One of the reasons for that is there's a huge amount of radio information that gets transmitted. The radio conditions around the call are actually the kind of gold for the operator. Meaning what were the messages that were going between the handset and the tower at the time that caused the call to drop? There's a lot of detail in that radio to handset communication that gets captured.

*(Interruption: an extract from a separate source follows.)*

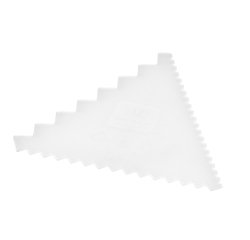 peigne à décor en polyamide 3 côtés 9,3x9,3 cm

So that would be part of the 200 KB

Correct.

Looking for my mantra

What percentage of that 200KB do you reckon is radio conditions? Would it be 80 percent, 20 percent?

It varies depending on the customer. It could be as much as 80 percent. Our advice to customers is to keep it within that 200KB framework. Just doubling it to 400KB or doubling it to twice a day obviously doubles the amount of processing power you need to deal with it.

Our mantra has always been to throw away as much information as early as possible. Throw away what you don't need on the handset first. Throw away what you don't need as you start bringing it into the cloud, into the data center, and go from there. Less is more in this case. Even at 200KB per day, if you start multiplying that out by thousands, ten thousands, hundreds of millions [of users], it ends up to be a lot of data.

What kind of legacy is there on handsets that run carrier IQ for the collected data? Is it possible for a very determined individual to grab that phone and pull data off of it?

It's really a function of how often the information has left the phone because once the information has left the phone there's no reason to keep it on the phone. And let's just say you did get hold of that information we gathered with whatever tool you had, you'd still have to understand and decode that entire format and what we did. Unless you're going to guess what we did, you'd kind of have to use our tools to be able do that, i.e. you'd have to do what essentially happens when that package gets to the data center.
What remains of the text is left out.